Phencyclidine (PCP). What effects can be seen with intoxication, and with severe intoxication?
The effects of intoxication include hyperpnea, hypertension, and tachycardia. The behavioral manifestations fluctuate from periods of calm and sedation to periods of marked agitation, aggression, and incoordination. Horizontal nystagmus is often present and provides a clue to PCP use. Severe intoxication may present instead with hypoglycemia, hypotension, bradycardia, hypopnea, AMS, seizures, or life-threatening hyperthermia. Rhabdomyolysis may be induced by PCP. Leukocytosis is a frequent nonspecific finding.
What clinical effects do the following blood alcohol concentration %s produce: 0.4%?
0.4% - coma and death.
Alcohol testing in an overdose evaluation is usually based on serum or plasma. In forensic testing, either breath alcohol or whole blood alcohol is measured. Whole blood should be submitted in what tube and why?

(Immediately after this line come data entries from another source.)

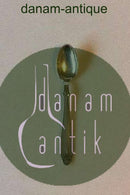 Rio Silberblechlöffel Kopenhagen Löffel-Fabrik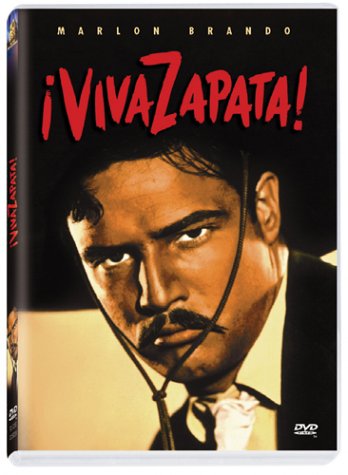 Product Image: Viva Zapata!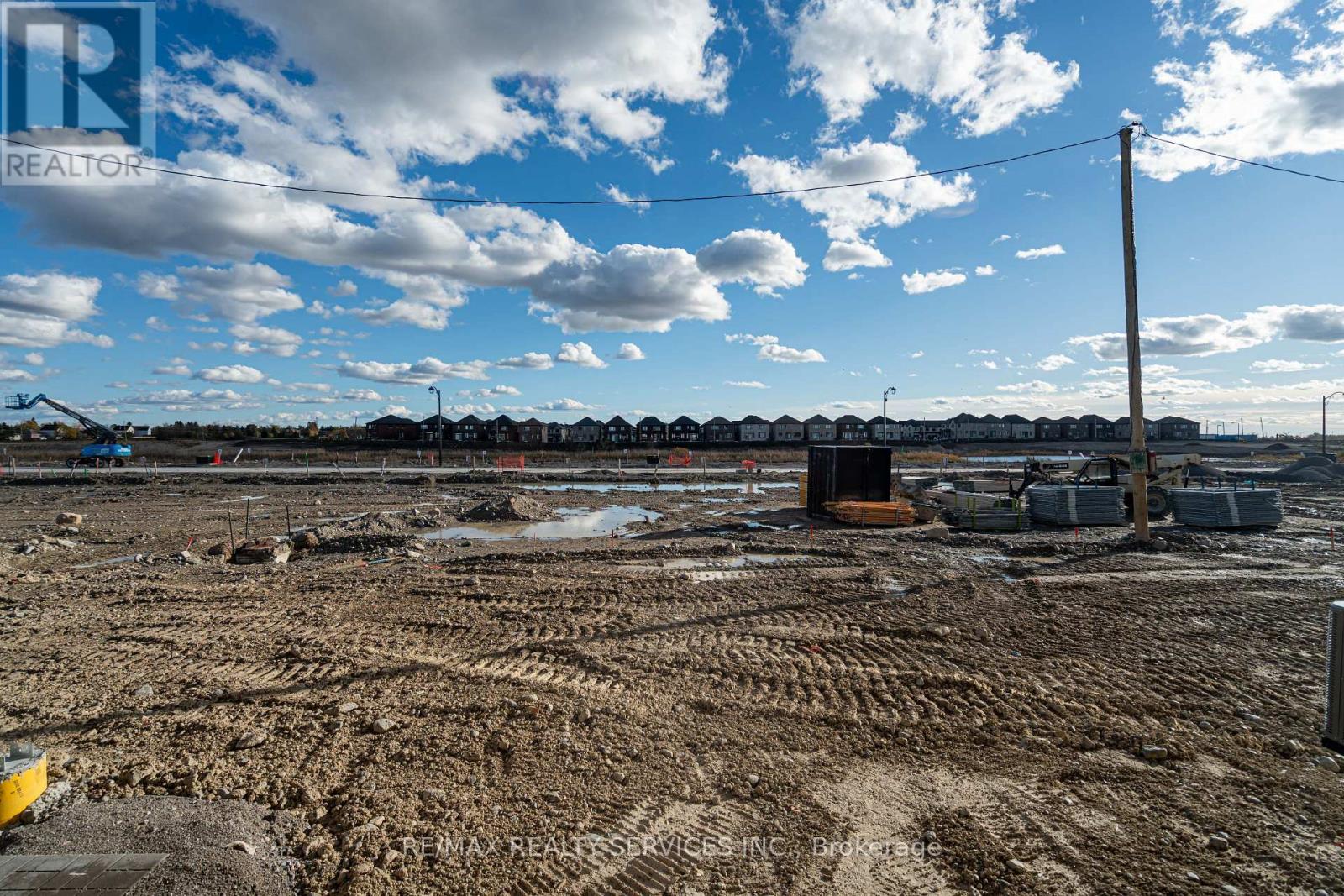 123 Sanderson Drive, Kawartha Lakes (Lindsay), Ontario  K9V 0T2 - Photo 47 - X12516616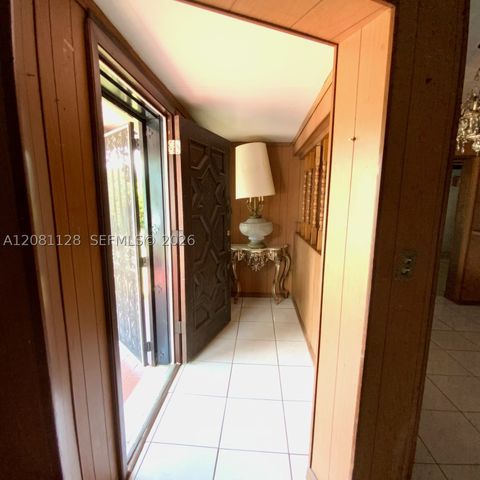 651 Jann Ave, Opa Locka, FL 33054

Whole blood should be submitted in sodium fluoride and potassium oxalate to prevent both increases (due to fermentation) and decreases in ethanol concentration. Use of alcohol swabs on the venipuncture site should be avoided.
Blood alcohol can be measured in serum, plasma, or whole blood by an enzymatic procedure utilizing alcohol dehydrogenase. In addition to ethanol, what other alcohols does this method detect?
This method is fairly specific for ethanol and doesn’t measure other alcohols such as methanol.
What are the changes in postmortem chemistries for Na, Cl, K, and BUN/Cr for serum and vitreous?
Na: serum values decrease after death; vitreous values stable until onset of putrefaction. Cl: serum values decrease after death; vitreous values stable. K: serum and vitreous values increase after death. BUN/Cr: both serum and vitreous values are stable after death.
The CAP makes recommendations for the minimum requirements for the retention of laboratory records and materials. They meet or exceed the regulatory requirements specified in the Clinical Laboratory Improvement Amendments of 1988 (CLIA 88). For non-forensic autopsy, how long must the following be kept: wet tissue, paraffin blocks, slides, reports?
Wet tissue - 3 months after final report. Paraffin blocks - 10 yrs. Slides - 10 yrs. Reports - 10 yrs.
The CAP makes recommendations for the minimum requirements for the retention of laboratory records and materials. They meet or exceed the regulatory requirements specified in the Clinical Laboratory Improvement Amendments of 1988 (CLIA 88). For forensic autopsy, how long must the following be kept: wet stock tissue, paraffin blocks, slides, gross photographs/negatives, accession log, body fluids and tissues for toxicology, representative tissue suitable for DNA analysis?
Wet stock tissue - 1 yr. Paraffin blocks - indefinitely. Slides - indefinitely. Gross photographs/negatives - indefinitely. Accession log - indefinitely. Body fluids and tissues for toxicology - 1 yr. Representative tissue suitable for DNA analysis - indefinitely.